Here’s the first thing you need to know about the scrum: it’s not broken! It’s the same scrum. We all played with this scrum. The positions are the same, the binds are the same, you still push the same way.
So why is this scrum falling over?
Neglect.Not player neglect and not coaching neglect. The people neglecting the scrum are the referees. The same thing that happened to the ruck and the maul is happening to the scrum. And as with the ruck and the maul, the fix is for the referees to simply apply the laws as they are set out in the IRB laws book.
Example 1 — Law 20.1.g:
The referee will call “crouch” then “touch”. The front rows crouch and using their outside
arm each prop touches the point of the opposing prop’s outside shoulder. The props then
withdraw their arms. The referee will then call “pause”. Following a pause the referee will
then call “engage”. The front rows may then engage. The “engage” call is not a command
but an indication that the front rows may come together when ready.
The front rows crouch and using their outside arms, each prop touches the point of the opposing prop’s outside shoulder. It couldn’t be clearer! It’s not touching fingertips or arms. It’s the shoulders that they must touch.
Example 2 — Law 20.1.j:
Stationary and parallel. Until the ball leaves the scrum half’s hands, the scrum must be
stationary and the middle line must be parallel to the goal lines. A team must not shove the
scrum away from the mark before the ball is thrown in.
The scrum must be stationary before the scrum-half throws the ball. This means it’s impossible for the scrum-half to feed the scrum on the hit! He must wait for the scrum to be stationary.
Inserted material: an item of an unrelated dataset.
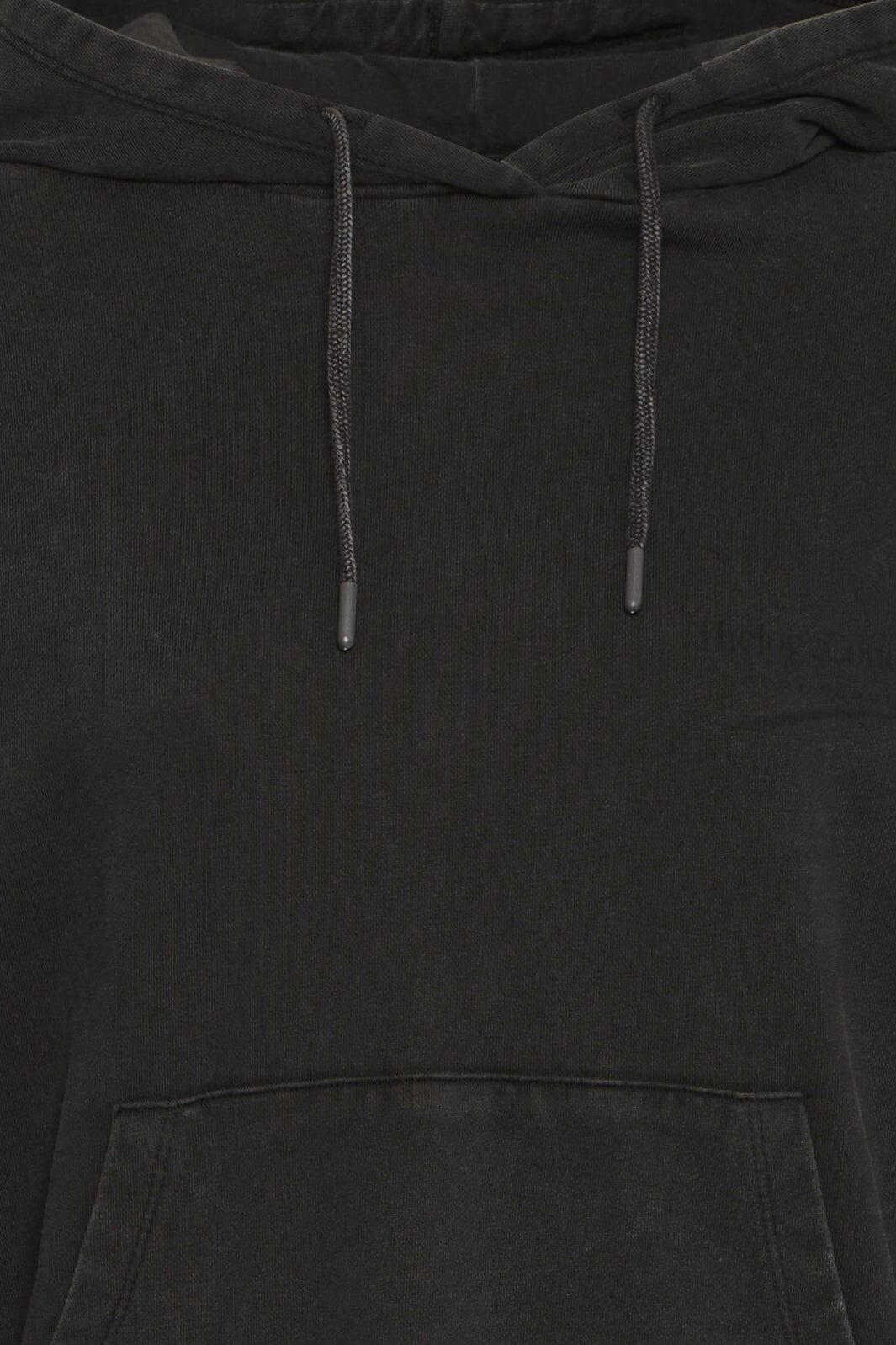 The Jogg Concept - Jcrubi Logo Hoodie - 203650 Black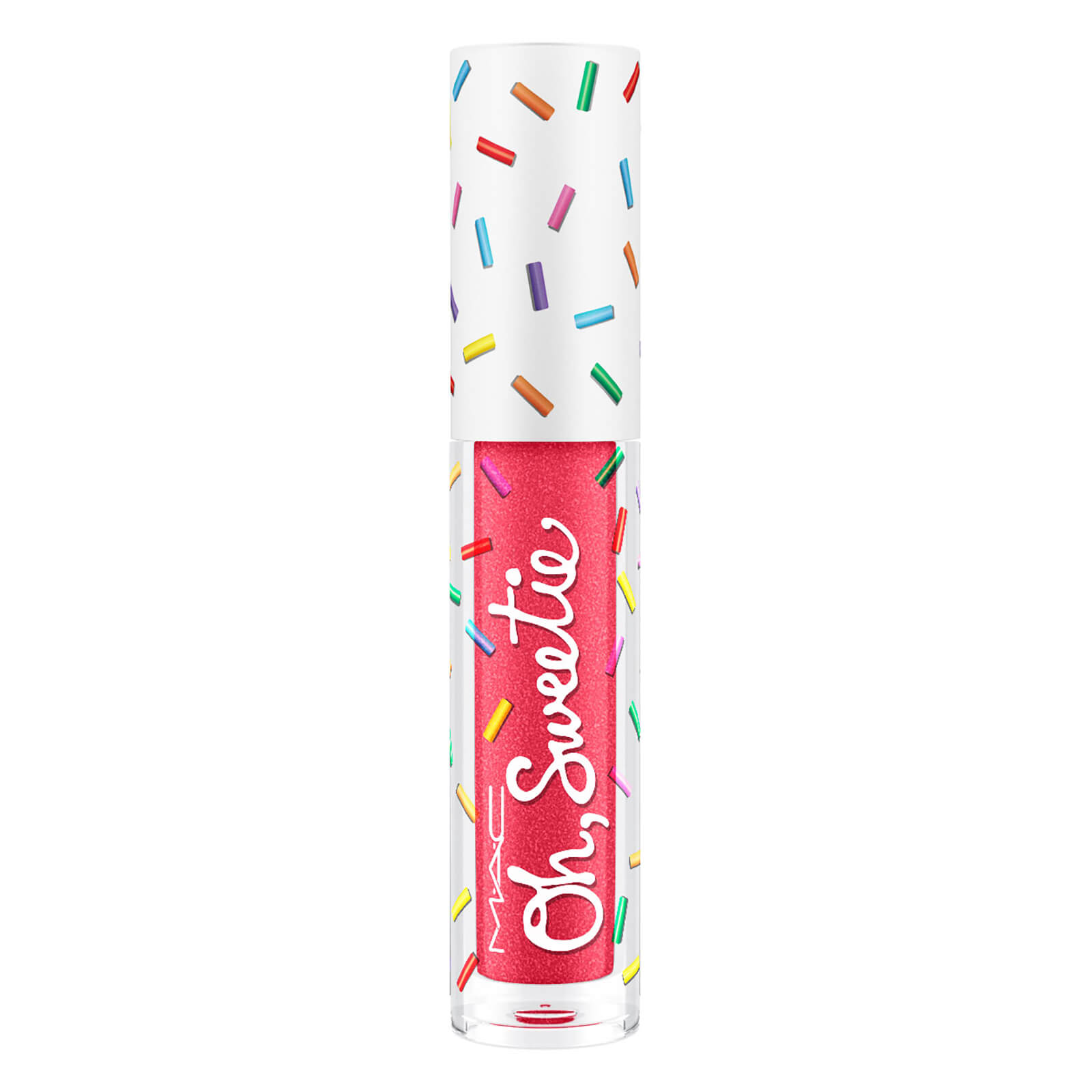 MAC Oh, Sweetie Lip Colour 3.1ml (Various Shades) - Caramel Sugar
Example 3 — Law 20.3.c, d and e:
(c) Binding by loose head props. A loose head prop must bind on the opposing tight head
prop by placing the left arm inside the right arm of the tight head and gripping the tight
head prop’s jersey on the back or side. The loose head prop must not grip the chest, arm,
sleeve or collar of the opposition tight head prop. The loose head prop must not exert any
Sanction: Penalty kick
(d) Binding by tight head props. A tight head prop must bind on the opposing loose head prop
by placing the right arm outside the left upper arm of the opposing loose head prop. The
tight head prop must grip the loose head prop’s jersey with the right hand only on the back
or side. The tight head prop must not grip the chest, arm, sleeve or collar of the opposition
loose head prop. The tight head prop must not exert any downward pressure.
Sanction: Penalty kick
(e) Both the loose head and tight head props may alter their bind providing they do so in
accordance with this Law.
Both props must grip on the back or the side of their opponents’ jersey. And if they get it wrong they can change it to get it right!
Here is what I think is happening to our scrum now. Our officials have become obsessed with the chant and not with the laws around the chant. They are not generally checking that the touch is on the shoulder. This means they are not policing the distance the front rows are apart!
They are standing five metres from the scrum to deliver the chant. This means they are not policing the binds of the front rowers!
And they are allowing halfbacks to feed the scrum on the hit. This means they are ignoring the stable scrum law.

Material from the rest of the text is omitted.